**Exercise instructions:** Copy each entry as it stands, leaving nothing out.

Collection entries
────────────────────────────────────────
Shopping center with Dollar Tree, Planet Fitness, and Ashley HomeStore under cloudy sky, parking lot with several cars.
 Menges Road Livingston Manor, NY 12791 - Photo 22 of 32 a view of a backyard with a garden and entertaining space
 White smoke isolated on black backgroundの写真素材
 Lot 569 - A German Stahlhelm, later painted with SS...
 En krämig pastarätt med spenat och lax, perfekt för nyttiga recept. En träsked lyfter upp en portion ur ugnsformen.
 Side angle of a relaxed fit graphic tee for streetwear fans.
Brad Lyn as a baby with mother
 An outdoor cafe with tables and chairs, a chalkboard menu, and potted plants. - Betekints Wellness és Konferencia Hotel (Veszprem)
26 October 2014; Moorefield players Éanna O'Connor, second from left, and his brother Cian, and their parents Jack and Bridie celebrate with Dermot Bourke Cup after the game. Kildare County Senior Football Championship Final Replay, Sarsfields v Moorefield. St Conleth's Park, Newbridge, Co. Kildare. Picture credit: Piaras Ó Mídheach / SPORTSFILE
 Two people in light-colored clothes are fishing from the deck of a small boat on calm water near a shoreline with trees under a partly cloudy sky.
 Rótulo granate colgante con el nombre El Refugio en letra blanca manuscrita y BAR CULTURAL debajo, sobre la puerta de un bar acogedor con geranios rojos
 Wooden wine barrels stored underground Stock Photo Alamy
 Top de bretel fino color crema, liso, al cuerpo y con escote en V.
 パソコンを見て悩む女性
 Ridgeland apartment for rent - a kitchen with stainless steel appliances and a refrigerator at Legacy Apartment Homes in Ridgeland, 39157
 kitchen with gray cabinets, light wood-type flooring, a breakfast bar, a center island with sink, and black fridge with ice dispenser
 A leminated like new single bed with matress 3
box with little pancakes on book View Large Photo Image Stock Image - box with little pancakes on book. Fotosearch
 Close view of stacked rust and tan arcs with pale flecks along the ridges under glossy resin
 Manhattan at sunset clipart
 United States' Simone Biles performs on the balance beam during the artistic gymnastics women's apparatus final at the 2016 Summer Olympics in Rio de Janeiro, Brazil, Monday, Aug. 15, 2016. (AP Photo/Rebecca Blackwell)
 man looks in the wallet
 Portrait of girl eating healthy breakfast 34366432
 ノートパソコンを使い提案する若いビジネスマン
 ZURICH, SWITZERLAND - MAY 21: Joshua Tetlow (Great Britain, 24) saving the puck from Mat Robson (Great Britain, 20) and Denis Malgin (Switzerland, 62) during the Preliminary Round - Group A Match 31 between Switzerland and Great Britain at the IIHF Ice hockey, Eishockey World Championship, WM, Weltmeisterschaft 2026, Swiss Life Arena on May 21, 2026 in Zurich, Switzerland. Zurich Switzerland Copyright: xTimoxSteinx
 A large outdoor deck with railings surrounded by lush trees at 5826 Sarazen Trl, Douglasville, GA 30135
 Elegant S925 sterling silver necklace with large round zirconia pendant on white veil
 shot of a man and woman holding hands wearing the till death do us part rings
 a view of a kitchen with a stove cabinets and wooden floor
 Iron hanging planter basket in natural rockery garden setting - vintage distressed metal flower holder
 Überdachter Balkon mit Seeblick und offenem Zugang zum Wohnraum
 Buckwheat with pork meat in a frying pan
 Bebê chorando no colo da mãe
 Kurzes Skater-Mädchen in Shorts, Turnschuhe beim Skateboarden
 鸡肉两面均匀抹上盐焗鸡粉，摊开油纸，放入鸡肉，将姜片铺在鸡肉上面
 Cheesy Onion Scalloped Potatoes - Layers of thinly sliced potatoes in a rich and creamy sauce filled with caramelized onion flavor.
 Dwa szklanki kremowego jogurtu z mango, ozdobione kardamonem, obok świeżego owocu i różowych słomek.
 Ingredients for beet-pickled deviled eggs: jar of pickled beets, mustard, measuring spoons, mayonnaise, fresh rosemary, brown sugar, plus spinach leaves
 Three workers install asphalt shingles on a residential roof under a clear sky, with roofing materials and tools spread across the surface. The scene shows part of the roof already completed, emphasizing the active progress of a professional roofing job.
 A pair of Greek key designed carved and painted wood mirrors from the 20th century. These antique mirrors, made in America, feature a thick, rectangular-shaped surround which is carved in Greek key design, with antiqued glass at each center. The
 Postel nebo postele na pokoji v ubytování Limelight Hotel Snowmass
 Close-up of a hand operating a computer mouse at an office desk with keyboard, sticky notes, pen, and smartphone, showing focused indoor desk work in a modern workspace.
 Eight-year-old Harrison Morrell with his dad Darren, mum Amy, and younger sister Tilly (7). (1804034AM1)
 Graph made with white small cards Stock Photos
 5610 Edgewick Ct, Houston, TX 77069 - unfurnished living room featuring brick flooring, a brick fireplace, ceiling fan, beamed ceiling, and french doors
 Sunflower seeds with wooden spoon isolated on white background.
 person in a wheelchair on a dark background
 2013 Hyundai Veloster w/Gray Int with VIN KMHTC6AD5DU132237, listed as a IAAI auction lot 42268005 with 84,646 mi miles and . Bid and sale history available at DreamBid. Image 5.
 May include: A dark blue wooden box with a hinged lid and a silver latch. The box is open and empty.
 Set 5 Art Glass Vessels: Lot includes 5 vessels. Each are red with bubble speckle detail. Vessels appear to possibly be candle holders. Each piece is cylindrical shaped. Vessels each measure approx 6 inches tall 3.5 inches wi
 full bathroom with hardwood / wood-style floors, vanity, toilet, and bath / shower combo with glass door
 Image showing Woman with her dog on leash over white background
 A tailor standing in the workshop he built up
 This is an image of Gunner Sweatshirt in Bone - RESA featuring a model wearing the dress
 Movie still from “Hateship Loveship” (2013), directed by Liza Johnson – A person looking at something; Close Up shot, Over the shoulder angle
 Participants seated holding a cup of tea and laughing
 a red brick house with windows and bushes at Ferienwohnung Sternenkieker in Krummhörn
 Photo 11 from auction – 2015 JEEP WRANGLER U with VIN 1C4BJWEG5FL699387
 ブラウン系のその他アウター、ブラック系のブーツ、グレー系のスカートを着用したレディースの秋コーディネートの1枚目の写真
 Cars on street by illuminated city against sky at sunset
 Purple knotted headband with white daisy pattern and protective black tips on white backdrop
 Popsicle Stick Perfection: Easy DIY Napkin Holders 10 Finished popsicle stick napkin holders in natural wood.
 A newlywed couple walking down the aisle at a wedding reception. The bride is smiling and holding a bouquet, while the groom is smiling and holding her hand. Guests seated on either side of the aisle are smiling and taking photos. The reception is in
────────────────────────────────────────
**Exercise solution:**
Shopping center with Dollar Tree, Planet Fitness, and Ashley HomeStore under cloudy sky, parking lot with several cars.
 Menges Road Livingston Manor, NY 12791 - Photo 22 of 32 a view of a backyard with a garden and entertaining space
 White smoke isolated on black backgroundの写真素材
 Lot 569 - A German Stahlhelm, later painted with SS...
 En krämig pastarätt med spenat och lax, perfekt för nyttiga recept. En träsked lyfter upp en portion ur ugnsformen.
 Side angle of a relaxed fit graphic tee for streetwear fans.
Brad Lyn as a baby with mother
 An outdoor cafe with tables and chairs, a chalkboard menu, and potted plants. - Betekints Wellness és Konferencia Hotel (Veszprem)
26 October 2014; Moorefield players Éanna O'Connor, second from left, and his brother Cian, and their parents Jack and Bridie celebrate with Dermot Bourke Cup after the game. Kildare County Senior Football Championship Final Replay, Sarsfields v Moorefield. St Conleth's Park, Newbridge, Co. Kildare. Picture credit: Piaras Ó Mídheach / SPORTSFILE
 Two people in light-colored clothes are fishing from the deck of a small boat on calm water near a shoreline with trees under a partly cloudy sky.
 Rótulo granate colgante con el nombre El Refugio en letra blanca manuscrita y BAR CULTURAL debajo, sobre la puerta de un bar acogedor con geranios rojos
 Wooden wine barrels stored underground Stock Photo Alamy
 Top de bretel fino color crema, liso, al cuerpo y con escote en V.
 パソコンを見て悩む女性
 Ridgeland apartment for rent - a kitchen with stainless steel appliances and a refrigerator at Legacy Apartment Homes in Ridgeland, 39157
 kitchen with gray cabinets, light wood-type flooring, a breakfast bar, a center island with sink, and black fridge with ice dispenser
 A leminated like new single bed with matress 3
box with little pancakes on book View Large Photo Image Stock Image - box with little pancakes on book. Fotosearch
 Close view of stacked rust and tan arcs with pale flecks along the ridges under glossy resin
 Manhattan at sunset clipart
 United States' Simone Biles performs on the balance beam during the artistic gymnastics women's apparatus final at the 2016 Summer Olympics in Rio de Janeiro, Brazil, Monday, Aug. 15, 2016. (AP Photo/Rebecca Blackwell)
 man looks in the wallet
 Portrait of girl eating healthy breakfast 34366432
 ノートパソコンを使い提案する若いビジネスマン
 ZURICH, SWITZERLAND - MAY 21: Joshua Tetlow (Great Britain, 24) saving the puck from Mat Robson (Great Britain, 20) and Denis Malgin (Switzerland, 62) during the Preliminary Round - Group A Match 31 between Switzerland and Great Britain at the IIHF Ice hockey, Eishockey World Championship, WM, Weltmeisterschaft 2026, Swiss Life Arena on May 21, 2026 in Zurich, Switzerland. Zurich Switzerland Copyright: xTimoxSteinx
 A large outdoor deck with railings surrounded by lush trees at 5826 Sarazen Trl, Douglasville, GA 30135
 Elegant S925 sterling silver necklace with large round zirconia pendant on white veil
 shot of a man and woman holding hands wearing the till death do us part rings
 a view of a kitchen with a stove cabinets and wooden floor
 Iron hanging planter basket in natural rockery garden setting - vintage distressed metal flower holder
 Überdachter Balkon mit Seeblick und offenem Zugang zum Wohnraum
 Buckwheat with pork meat in a frying pan
 Bebê chorando no colo da mãe
 Kurzes Skater-Mädchen in Shorts, Turnschuhe beim Skateboarden
 鸡肉两面均匀抹上盐焗鸡粉，摊开油纸，放入鸡肉，将姜片铺在鸡肉上面
 Cheesy Onion Scalloped Potatoes - Layers of thinly sliced potatoes in a rich and creamy sauce filled with caramelized onion flavor.
 Dwa szklanki kremowego jogurtu z mango, ozdobione kardamonem, obok świeżego owocu i różowych słomek.
 Ingredients for beet-pickled deviled eggs: jar of pickled beets, mustard, measuring spoons, mayonnaise, fresh rosemary, brown sugar, plus spinach leaves
 Three workers install asphalt shingles on a residential roof under a clear sky, with roofing materials and tools spread across the surface. The scene shows part of the roof already completed, emphasizing the active progress of a professional roofing job.
 A pair of Greek key designed carved and painted wood mirrors from the 20th century. These antique mirrors, made in America, feature a thick, rectangular-shaped surround which is carved in Greek key design, with antiqued glass at each center. The
 Postel nebo postele na pokoji v ubytování Limelight Hotel Snowmass
 Close-up of a hand operating a computer mouse at an office desk with keyboard, sticky notes, pen, and smartphone, showing focused indoor desk work in a modern workspace.
 Eight-year-old Harrison Morrell with his dad Darren, mum Amy, and younger sister Tilly (7). (1804034AM1)
 Graph made with white small cards Stock Photos
 5610 Edgewick Ct, Houston, TX 77069 - unfurnished living room featuring brick flooring, a brick fireplace, ceiling fan, beamed ceiling, and french doors
 Sunflower seeds with wooden spoon isolated on white background.
 person in a wheelchair on a dark background
 2013 Hyundai Veloster w/Gray Int with VIN KMHTC6AD5DU132237, listed as a IAAI auction lot 42268005 with 84,646 mi miles and . Bid and sale history available at DreamBid. Image 5.
 May include: A dark blue wooden box with a hinged lid and a silver latch. The box is open and empty.
 Set 5 Art Glass Vessels: Lot includes 5 vessels. Each are red with bubble speckle detail. Vessels appear to possibly be candle holders. Each piece is cylindrical shaped. Vessels each measure approx 6 inches tall 3.5 inches wi
 full bathroom with hardwood / wood-style floors, vanity, toilet, and bath / shower combo with glass door
 Image showing Woman with her dog on leash over white background
 A tailor standing in the workshop he built up
 This is an image of Gunner Sweatshirt in Bone - RESA featuring a model wearing the dress
 Movie still from “Hateship Loveship” (2013), directed by Liza Johnson – A person looking at something; Close Up shot, Over the shoulder angle
 Participants seated holding a cup of tea and laughing
 a red brick house with windows and bushes at Ferienwohnung Sternenkieker in Krummhörn
 Photo 11 from auction – 2015 JEEP WRANGLER U with VIN 1C4BJWEG5FL699387
 ブラウン系のその他アウター、ブラック系のブーツ、グレー系のスカートを着用したレディースの秋コーディネートの1枚目の写真
 Cars on street by illuminated city against sky at sunset
 Purple knotted headband with white daisy pattern and protective black tips on white backdrop
 Popsicle Stick Perfection: Easy DIY Napkin Holders 10 Finished popsicle stick napkin holders in natural wood.
 A newlywed couple walking down the aisle at a wedding reception. The bride is smiling and holding a bouquet, while the groom is smiling and holding her hand. Guests seated on either side of the aisle are smiling and taking photos. The reception is in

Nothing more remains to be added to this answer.